Seguimos con el asunto del perdón que comenzamos ayer. Una vez me contaba un amigo que había sido testigo de un hecho que tristemente calificamos de extraordinario. El párroco de un pueblo bastante grande, donde llevaba años ejerciendo su ministerio, llamó a los compañeros de los pueblos vecinos para hacer una celebración de la Penitencia, entre ellos algunos con cargos de responsabilidad en la Curia. Se quedaron extrañados, pues nunca les había llamado para un acto de este tipo, pero allí acudieron. Reunida la comunidad de fieles de esa parroquia, con sus compañeros sacerdotes delante, el párroco dijo algo parecido a esto: “ Sé que durante todos estos años que llevo de párroco entre vosotros he alentado, promovido y practicado la absolución general, pero me he dado cuenta que estaba equivocado. Por eso os pido perdón y he llamado a estos sacerdotes para que, por fin, podáis recibir personalmente la absolución y confesaros de vuestros pecados.” Puede parecer un acto banal, pero reconocer el error (y más en un sacerdote ante sus fieles y compañeros), requiere mucho valor.

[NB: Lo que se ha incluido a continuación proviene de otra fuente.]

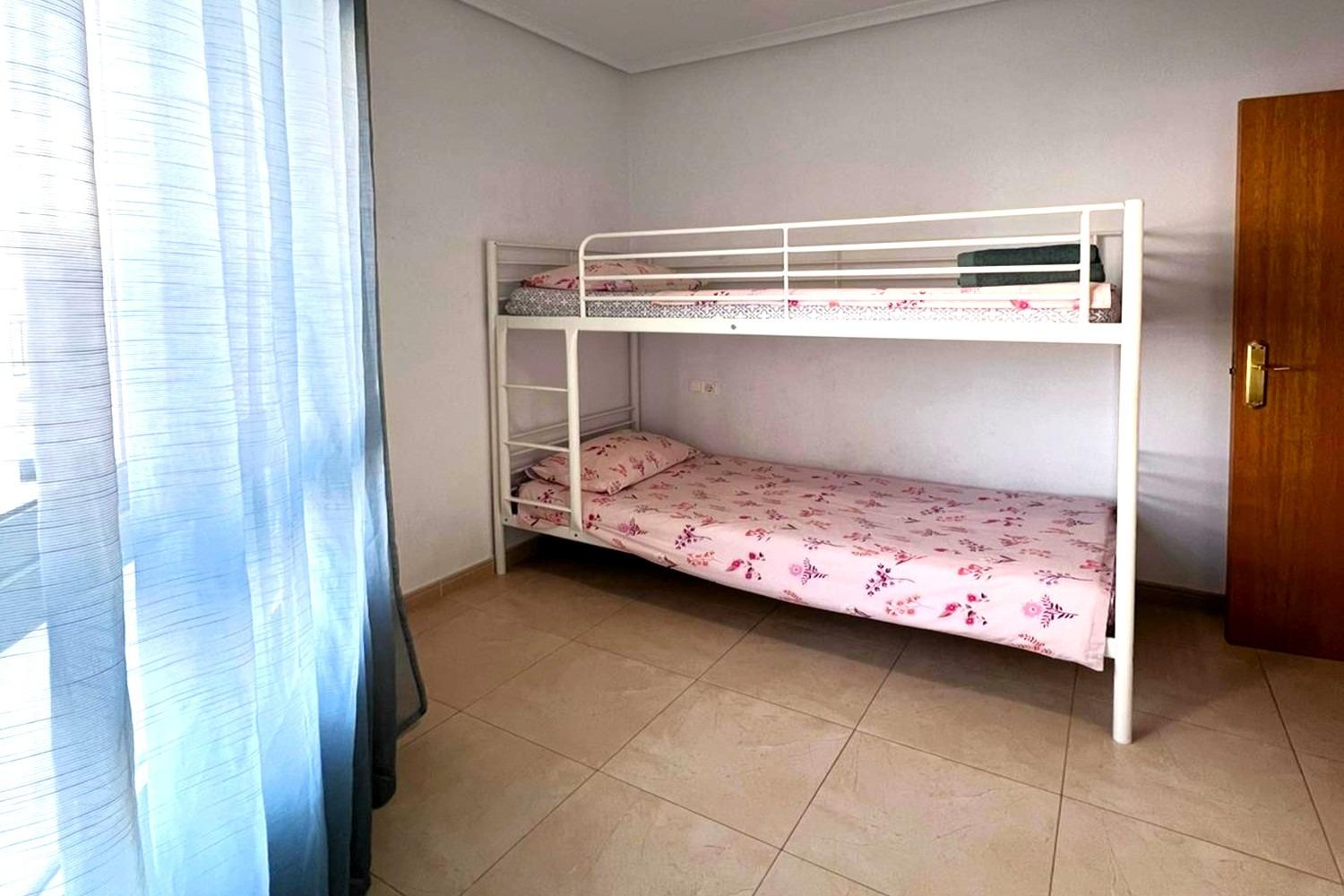 Living room in apartment for sale in Torrevieja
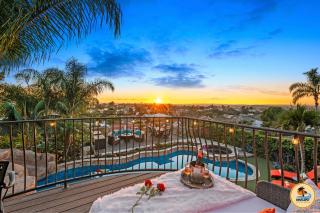 Slide into Paradise, Pool, Spa & Stunning Views - 9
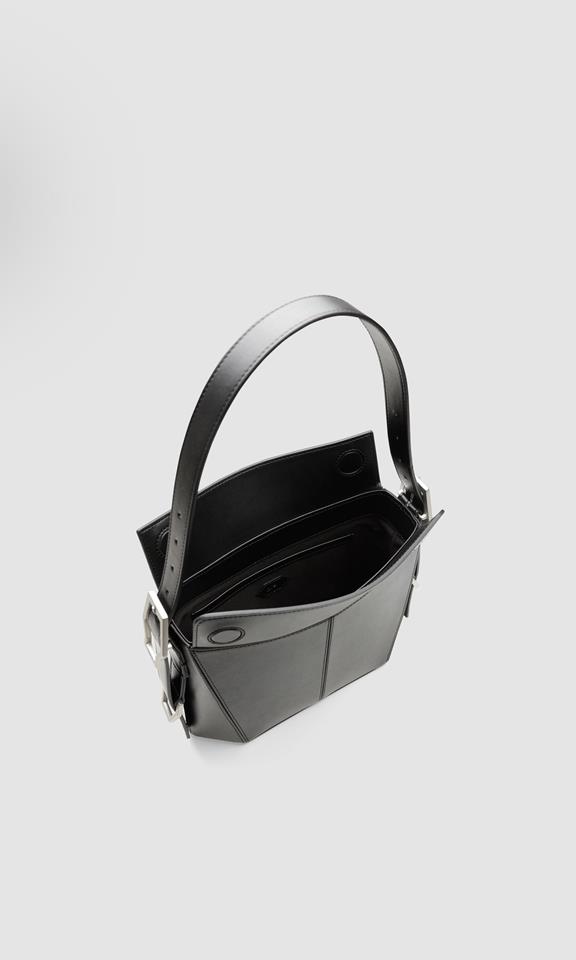 Handbag Kiara Black from Shop Like You Give a Damn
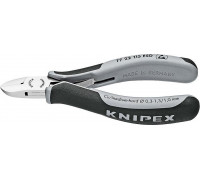 Бокорезы для электроники антистатические KNIPEX 7722115ESD 115 мм KN-7722115ESD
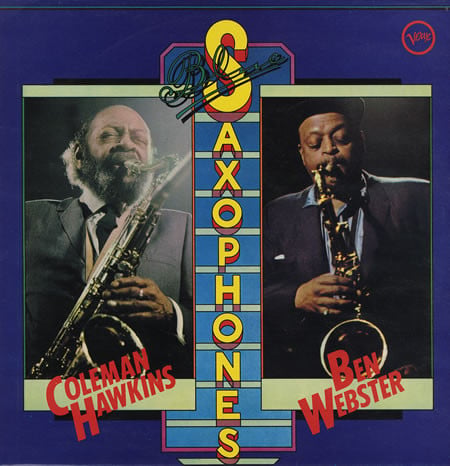 Coleman Hawkins & Ben Webster-0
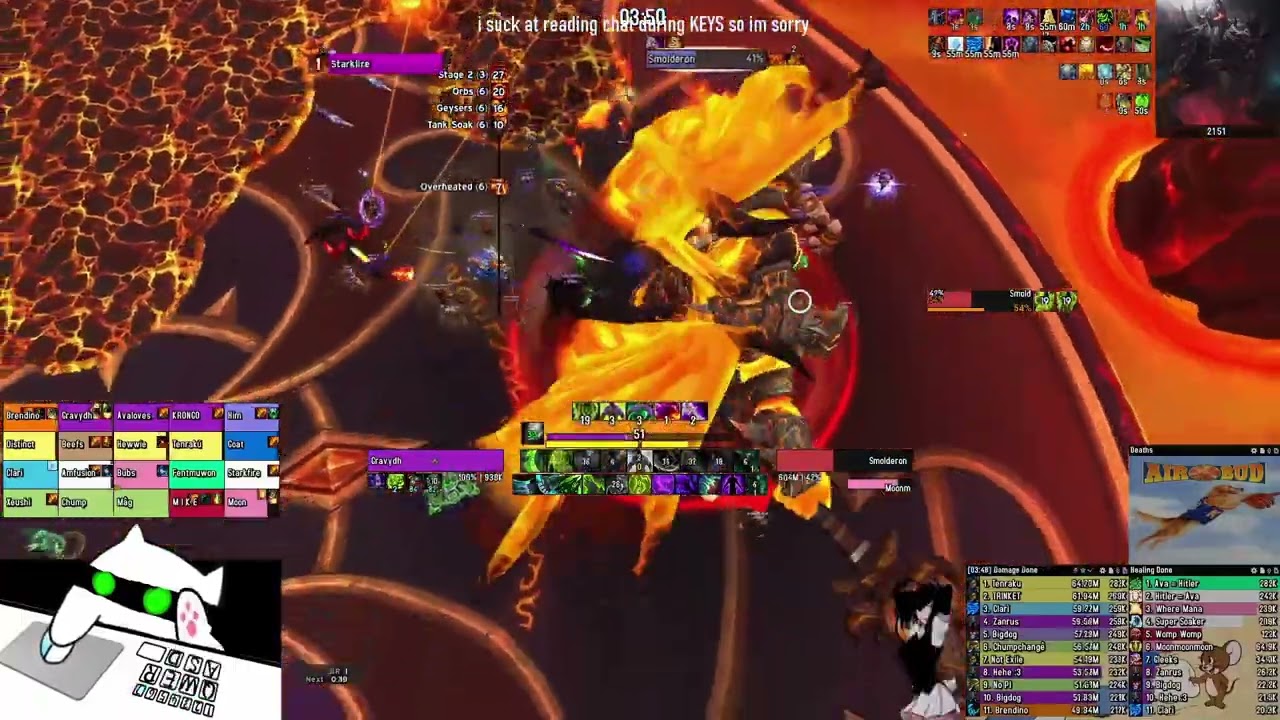 Mythic Smolderon Havoc Demon Hunter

Para no poner en ridículo nuestro ministerio, nunca damos a nadie motivo de escándalo; al contrario, continuamente damos prueba de que somos ministros de Dios con lo mucho que pasamos: luchas, infortunios, apuros, golpes, cárceles, motines, fatigas, noches sin dormir y días sin comer; procedemos con limpieza, saber, paciencia y amabilidad, con dones del Espíritu y amor sincero, llevando la palabra de la verdad y la fuerza de Dios. Con la derecha y con la izquierda empuñamos las armas de la justicia, a través de honra y afrenta, de mala y buena fama. Somos los impostores que dicen la verdad, los desconocidos conocidos de sobra, los moribundos que están bien vivos, los penados nunca ajusticiados, los afligidos siempre alegres, los pobretones que enriquecen a muchos, los necesitados que todo lo poseen.” He querido poner casi entero el texto de San Pablo pues vale la pena meditarlo. Los sacerdotes, y cualquier cristiano, no somos los puros, los que nunca nos equivocamos y estamos por encima del bien y del mal. Nos equivocamos, y mucho. Pero también creo que una vez que comprendemos la grandeza del ministerio recibido y de la misericordia de Dios que derrochamos a manos llenas no nos debe importar rectificar. He conocido curas mujeriegos, borrachos, malhablados, que normalmente están pasando una mala racha. Sus fieles suelen perdonarles y buscar lo mejor de ellos. Lo que no perdonan casi nunca es al cura soberbio, como se comprende poco al cristiano soberbio, que habla a los demás desde su pedestal. Por eso me dan tanto miedo los “curas famosos,” tienen que pedir perdón a mucha más gente y eso aumenta en progresión matemática la vergüenza, aunque nunca es mayor que la gracia de Dios, que no puede caer en saco roto.

Yo, en cambio, os digo: No hagáis frente al que os agravia. Al contrario…” Para muchos este es el Evangelio de “los tontos,” creo que este es el Evangelio de los que se han sabido perdonados, han palpado la misericordia de Dios y nada les puede hacer no perdonar. Si en tu oración de hoy descubres que aún hay algo o a alguien que no puedas perdonar, te recomiendo que cambies el rumbo de tu meditación y presentes ante Dios tu última confesión bien hecha, ahí descubrirás la fuente de la misericordia.

La Virgen sabía perdonar y no echaba en cara a los apóstoles sus olvidos, traiciones y disputas, simplemente los ponía ante la misericordia de su Hijo y todo arreglado. Acudamos con ella a la fuente del perdón.